DTR: I have thought a lot about this external image of Los Angeles as a diverse and cosmopolitan space, and maybe even a Brown space. What is served, and what interests are served, by marketing it as such? And what are the ways in which that ideal of Los Angeles doesn’t filter back down? Just like the old version of the Spanish fantasy past never filtered down to the lives of Mexican people, this notion of Los Angeles as a global, shining example of cosmopolitanism and diversity is so much more surface than substance. It’s one more neoliberal fantasy. The disconnect between the image and the reality is borne out in the buildings where people live and work and spatialized in suburbia, in the spaces of inner-city Los Angeles, and behind the scenes in Hollywood. Think about all the people who work in craft services and the thousands of names you see rolling by in the credits, people who make $18 an hour or less and have no profit stake. If we want to think about Hollywood, it conceals a great deal of class and color differentiation even in the production of the movies that give us the Hollywood image.
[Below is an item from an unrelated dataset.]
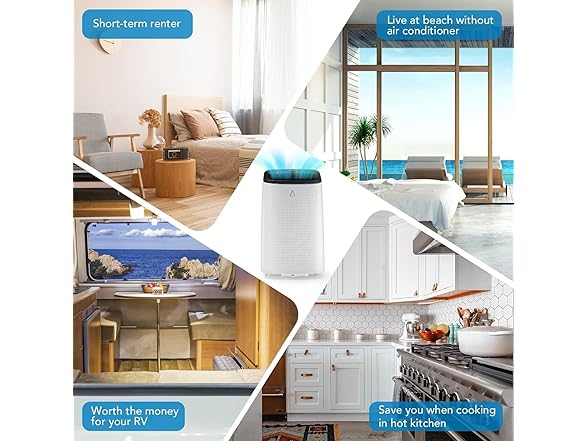 AutoSteelix 14000 BTU Portable Air Conditioner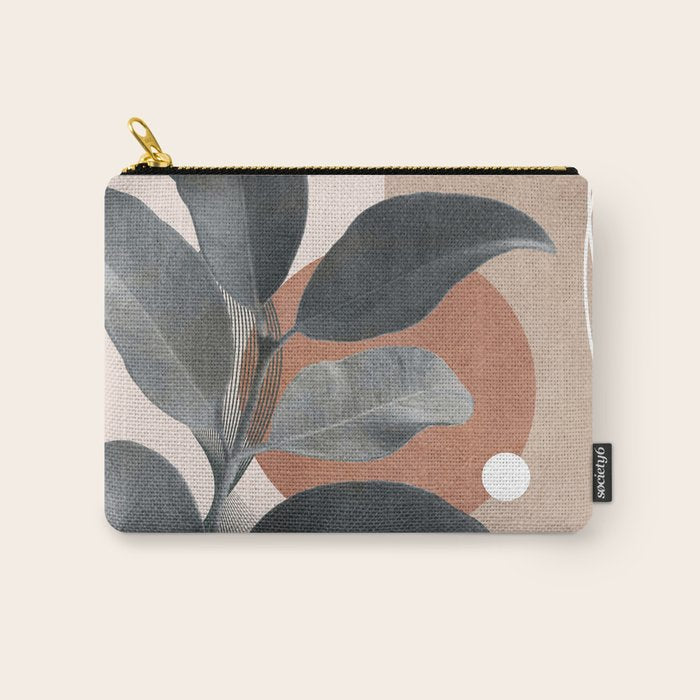 Plant Life Design 02 Carry All Pouch Gallery Image 1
WC: Absolutely. The two words I just wrote down as you were talking were “power” and “labor.” If you take a step back from those Hollywood productions, you see who’s working on those sets, who’s doing the heavy lifting, who’s doing the service work, who’s bringing the food. Whiteness, even though it is a cultural construct like any other racial idea, can be mapped. And you can see how extremely segregated white people are in Los Angeles. The director of my kids’ preschool, who was a longtime organizer for the Bus Riders Union, she taught me something important this summer: she said that anti-racism is not enough, because people will never fight for something or somebody until they learn to love it first. What that extreme ongoing segregation does is it allows people—particularly white people—to not see people of color. So, yes, L.A. is multicultural, but it’s also hierarchical, it’s also extremely sort of caste-driven. And so it’s not that there are not people of color in those spaces, it’s just that they’re in a particular hierarchy that allows them to not be seen by people in the dominant class. That’s an important way of thinking about how segregation and the socialization of race feed into these geographies, these dominating geographies of whiteness in Los Angeles that are exemplified by Hollywood.
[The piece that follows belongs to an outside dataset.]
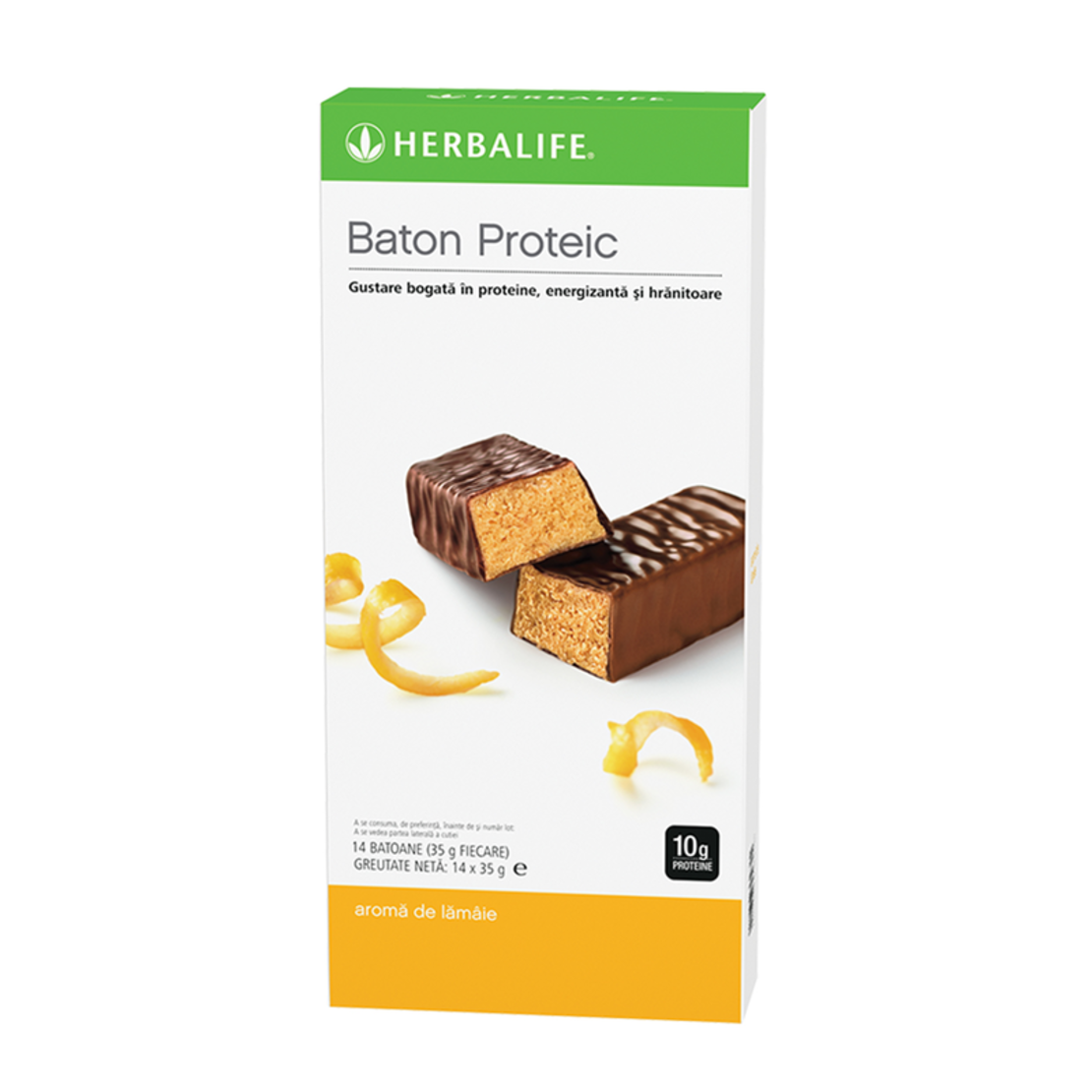 Batoane proteice Lămâie 14 batoane per cutie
JK: I think Eric mentioned the Spanish fantasy past, and David as well. That’s exactly what was happening in the late nineteenth and early twentieth centuries, when Los Angeles was being sold as this idyllic place where racial tensions didn’t exist and where, according to the advertising, it was a white space. But all that was based on the work of nonwhite peoples, whether it was Chinese and Japanese immigrants or Mexican Americans and Mexican immigrants. That tension is centuries-long in California.
BS: This erasure, when you look at Indigenous peoples, that’s also something that we can map or look at with regard to other imperial forces, as David said. And so when we think about California coming into being, or Los Angeles coming into being, we think about the Spanish Empire. We think about the Mexican Empire. We think about the United States. But there still tends to be, more than anything else, erasure of Indigenous peoples. I think that’s the most invisible group we have in our society. And so when we think about whiteness, and even multiculturalism, there seems to be very little place for these groups of people.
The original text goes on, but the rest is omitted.